In the 17th century the Pilgrim Fathers left England and established the Plymouth Colony in what is now Massachusetts. They were Christians who were seeking the freedom to practice their religion independent of the state. Their desire for freedom influenced the history and culture of the United States. Before and after the Pilgrim Fathers arrived boats brought African slaves to America to work on the plantations. The land was vast and the life of many slaves was harsh. In 1865, at the end of the Civil War, slavery was abolished and the principle was reaffirmed that all men are created with equal dignity and an equal right to liberty.

The African-American spirituals express the faith and hope of a people living as slaves. They found comfort in the Bible which tells of how God brought his people out of slavery in Egypt to the Promised Land and how God’s Son, Jesus, came to set people free from the bondage of sin and death. The words and music of the African-American spirituals powerfully express both the present sufferings of the people and their hope of future happiness in heaven.

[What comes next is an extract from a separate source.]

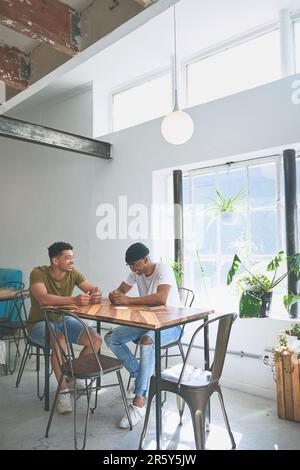 Waren Brüder mehr als Freunde. Ein Foto von zwei gutaussehenden Freunden, die sich tagsüber in einem Coffeeshop versammeln. Stockfoto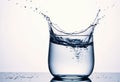 Water splash in a glass, capturing the essence of freshness and vitality Royalty Free Stock Photo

“Swing low, sweet chariot” speaks of the forgiveness found in Jesus and the strong hope of life beyond death, symbolised as the Jordan River. “Swing low, sweet chariot, coming for to carry me home. I looked over Jordan, and what did I see, coming for to carry me home? A band of angels coming after me, coming for to carry me home. Sometimes I’m up, and sometimes I’m down, but still my soul feels heavenly bound. The brightest day that I can say, when Jesus washed my sins away. If you get there before I do, tell all my friends I’m coming there too. Swing low, sweet chariot, coming for to carry me home.” In our sophisticated, yet tragically sad, modern world the joy of forgiveness and the hope of heaven speak powerfully to our deep longings to find true freedom.